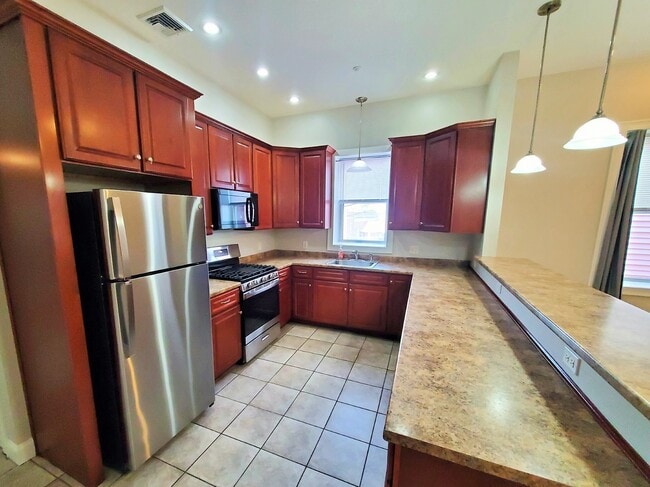 37 Central Sq, Unit 37B in Bridgewater, MA - Building Photo - Building Photo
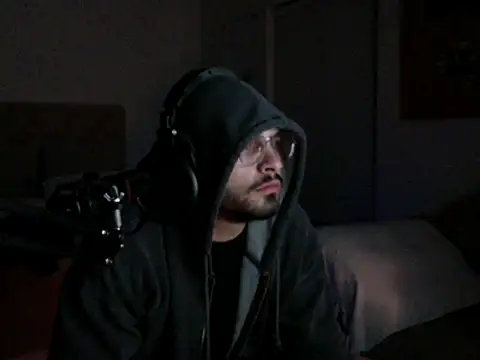 NAUGHTYSHAUDY webkamerás műsora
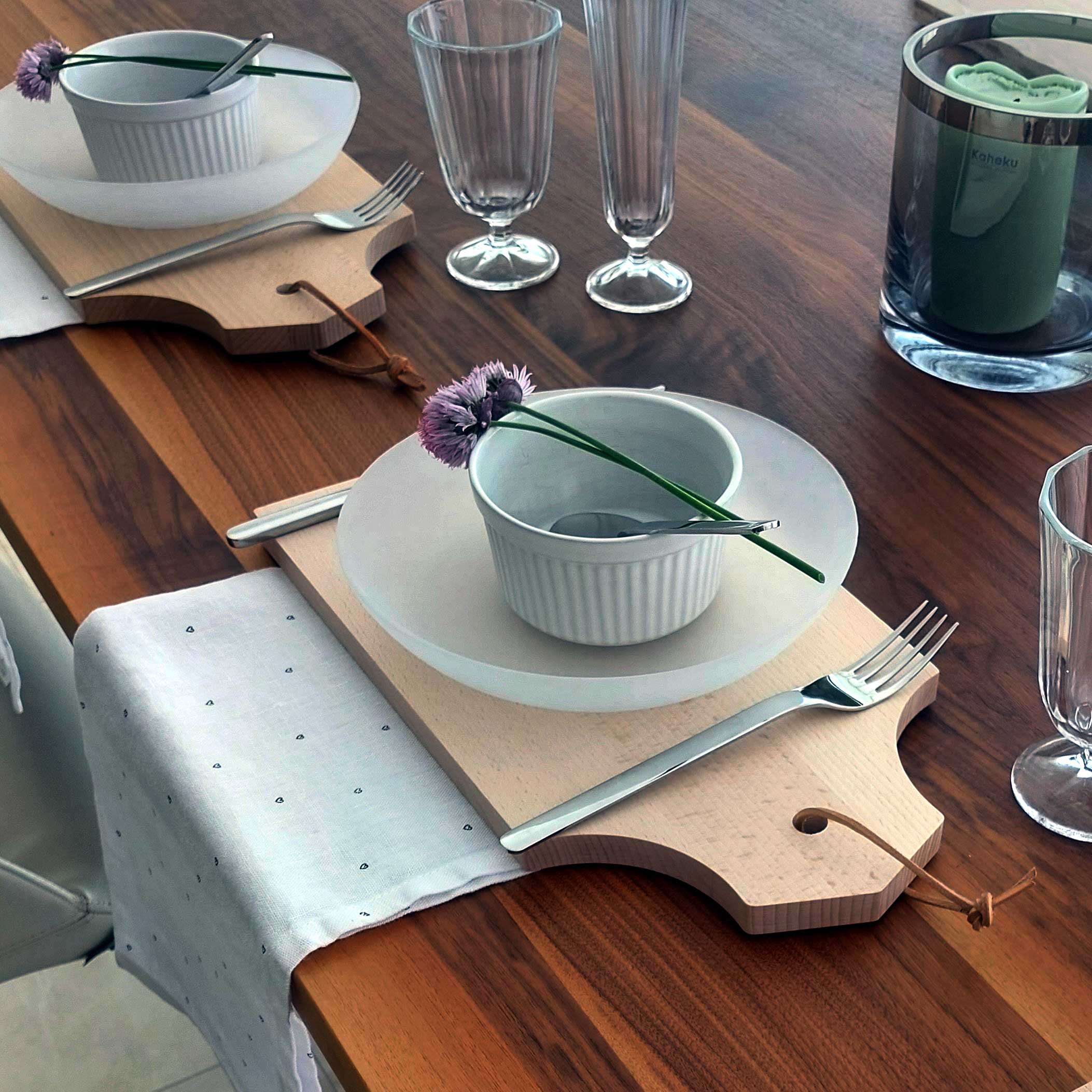 Tischdekoration mit Holzbrettern - Blogartikel 8 Gartenparty Ideen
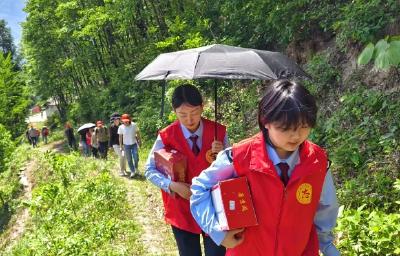 跨越8年、行程7万多公里的爱心接力！他们用行动诠释“一个都不能少”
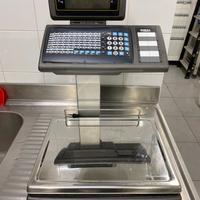 Bilancia elettronica per alimenti con stamoante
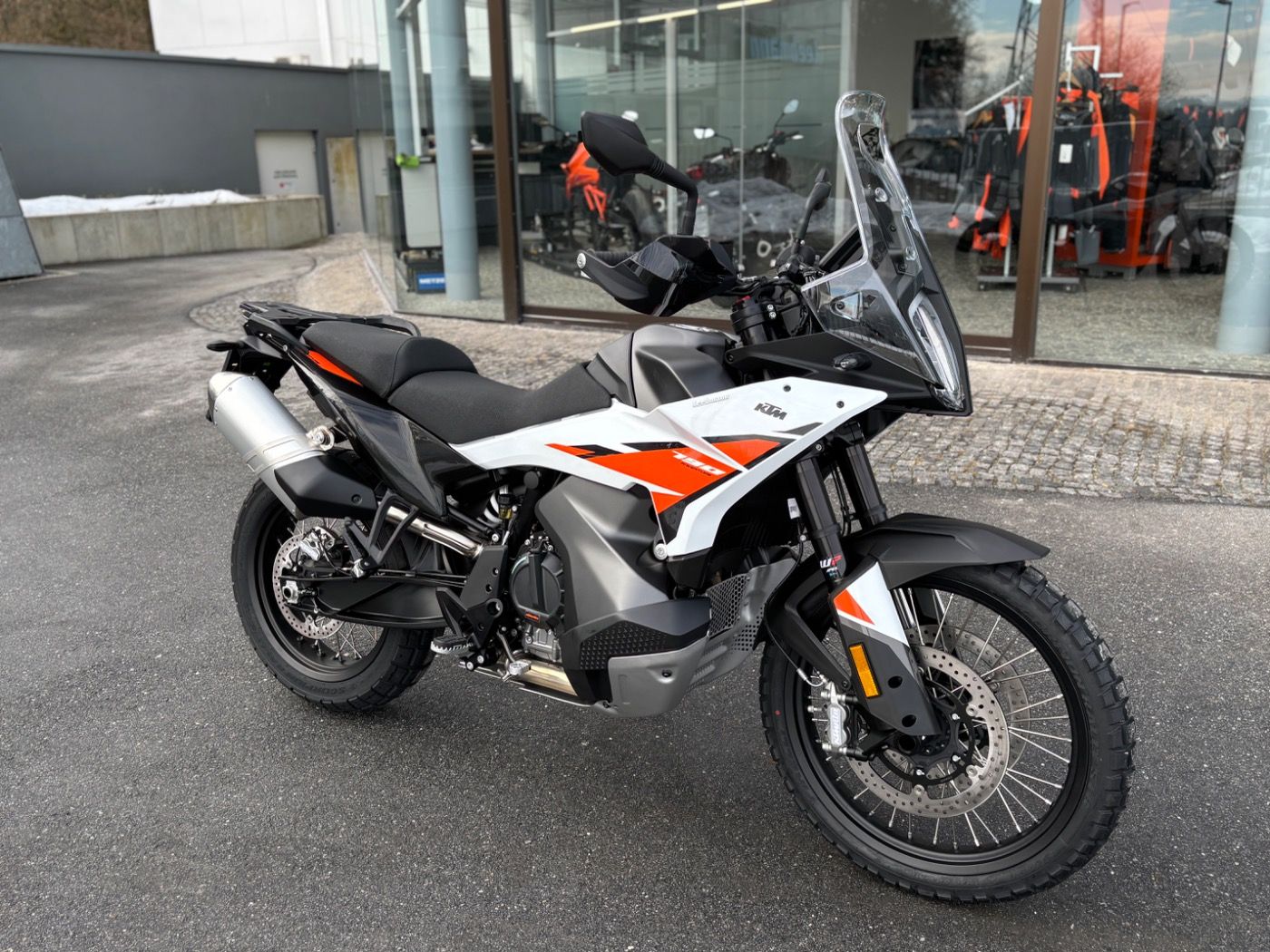 Fahrzeugabbildung KTM 790 Adventure 2026 Tech Pack inclusive beide Far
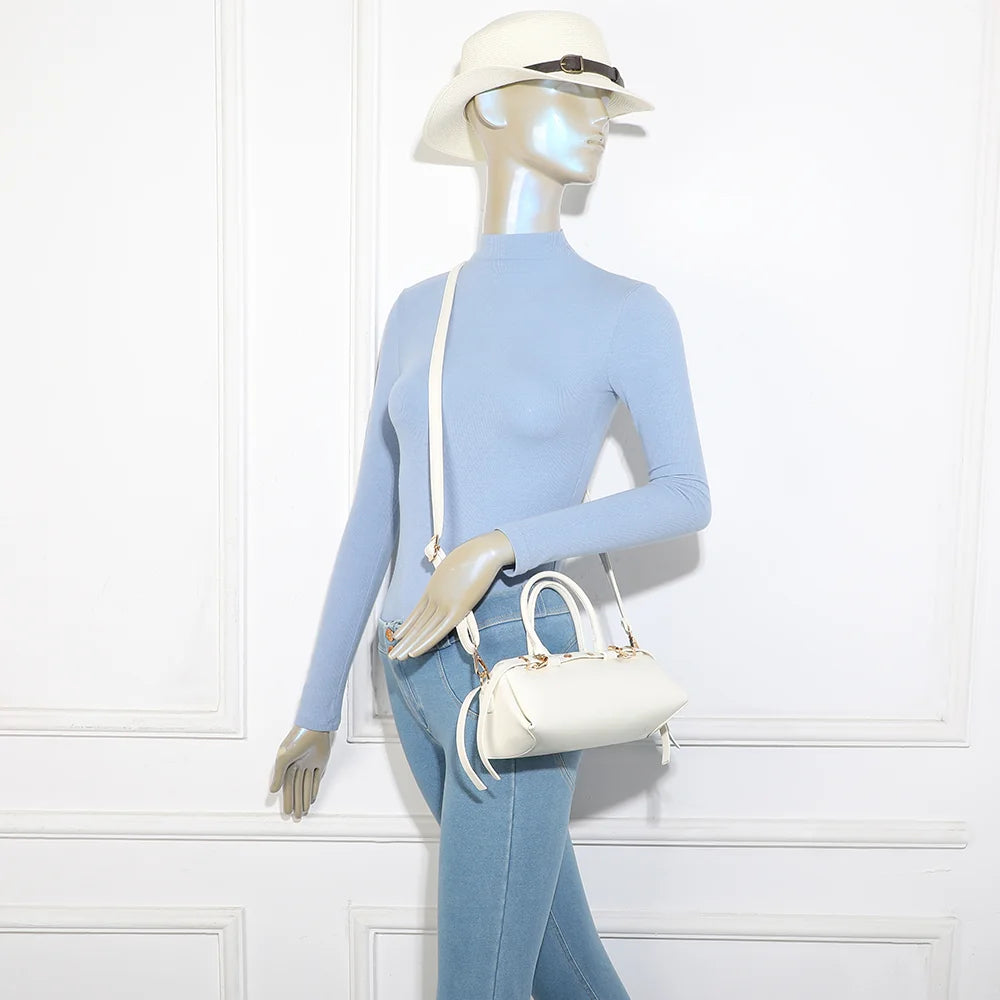 Sac Maïa blanc porté par une femme, à la main ou à l’épaule avec la bandoulière amovible – réf. KJ-62062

Required work
An exact retyping of each record, with no pictures, is the answer required.

Task output
 37 Central Sq, Unit 37B in Bridgewater, MA - Building Photo - Building Photo
 NAUGHTYSHAUDY webkamerás műsora
 Tischdekoration mit Holzbrettern - Blogartikel 8 Gartenparty Ideen
 跨越8年、行程7万多公里的爱心接力！他们用行动诠释“一个都不能少”
 Bilancia elettronica per alimenti con stamoante
 Fahrzeugabbildung KTM 790 Adventure 2026 Tech Pack inclusive beide Far
 Sac Maïa blanc porté par une femme, à la main ou à l’épaule avec la bandoulière amovible – réf. KJ-62062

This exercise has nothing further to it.